ROR records: ROR IDs are stored with additional metadata about the organization, such as alternate names/abbreviations, external URLs (e.g., an organization’s official website), and other identifiers, such as Wikidata, ISNI, and the Open Funder Registry. This metadata will allow ROR to be interoperable with other identifiers and across different systems. The current schema is based on GRID’s dataset and we plan to incorporate other metadata fields over time and according to community needs.

Screenshot of an example ROR record

API: The ROR API is now public. You can access the JSON files at https://api.ror.org/organizations.
OpenRefine reconciler: We’ve released an OpenRefine reconciler that can map your internal identifiers to ROR identifiers: https://github.com/ror-community/ror-reconciler.
Documentation: We have begun storing documentation on Github and will be adding more as we go along. Please feel free to follow and contribute: https://github.com/ror-community.

Community meeting recap

On January 22, 60+ representatives from across the research and publishing community gathered in Dublin to see what the ROR project team has been up to, demo the first prototypes in action, and discuss where we want to go next – and, of course, to practice ROR-ing together.

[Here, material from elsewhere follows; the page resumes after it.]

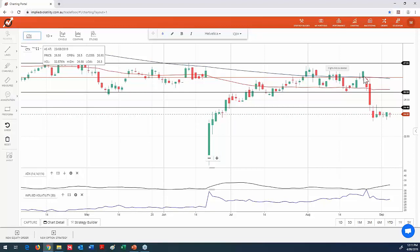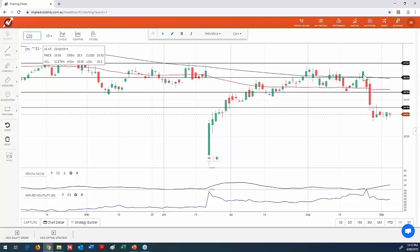So the question here is, what were the legs of the CTX iron condor that we put on? Well, we're waiting for a response on that. We'll jump over to another one, AGL.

Photo of ROR project team members in lion masks

In the second half of the meeting, attendees split into discussion groups to identify specific aspirations for ROR and brainstorm concrete actions needed to achieve these goals, focusing on the main use case of exposing and capturing all research outputs of a given institution. The proposed ideas covered a spectrum of possibilities for ROR, highlighting the following themes:

ROR as seamlessly-integrated and sometimes invisible infrastructure

Integration between and within existing systems (and in new ones!)
Auto-detection of ROR IDs for example in manuscript tracking and funding application platforms
As such, researchers don’t ever have to be responsible for knowing what a ROR is and using it appropriately – the systems they use will do this for them.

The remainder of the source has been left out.